In this point Windows is more secure, because it stores the password encrypted in the HD in a second Keyring, most Linux stored them in plain text. Anyway, a current mistake is to use 12345 as password in all accounts.

[–] [email protected] 1 points 3 years ago (7 children)

Nowadays most (maybe all) linux distributions use etc/shadow for passwords - passwords are encrypted, not plaintext.

[–] [email protected] 1 points 3 years ago (6 children)

You can easy test it, go to your browser settings, to passwords and click on "See password". Doing this in Windows, it opens a Pop-up where you must put the system password before you can see the passwords stored.

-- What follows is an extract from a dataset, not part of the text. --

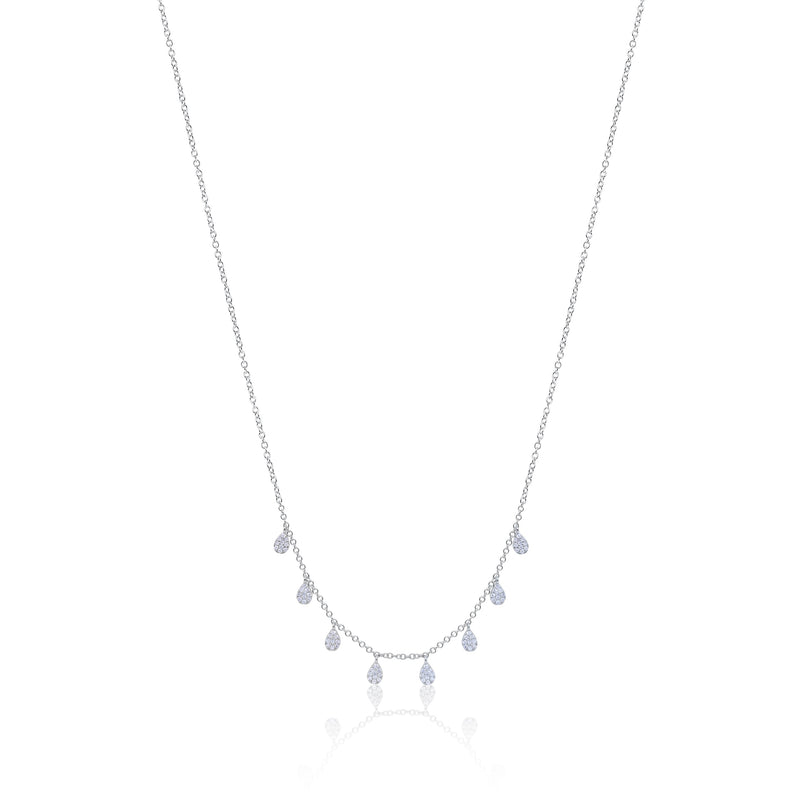 14kt Dainty White Gold Diamond Necklace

In last Linux I used (Kubuntu), I could see the passwords directly. Well, it was some time ago, maybe this has changed in last distros.

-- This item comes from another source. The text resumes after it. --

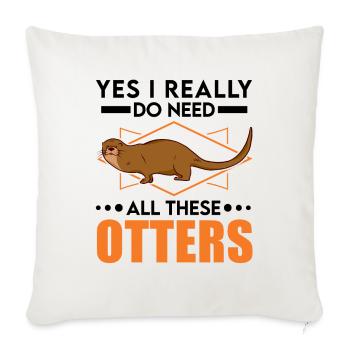 Loutre Cadeau Loutre Loutre Loutre Loutre de mer - Housse de coussin décorative 45 x 45 cm - blanc nature - Devant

[–] [email protected] 0 points 3 years ago (1 children)

If you use Firefox, password manager stores its data encrypted (not in plain text). You can also turn on the master password requirement if you like.

[–] [email protected] 1 points 3 years ago

Same in all other browsers, in Windows it's encrypted anyway in a second keyring, but the lack is, that, when they create a random password, you can't recover it in case of lost or the HD/PC goes to Valhalla. Same with all other password Manager (I know) Better and more secure to trust in a simple papernote or in your memory.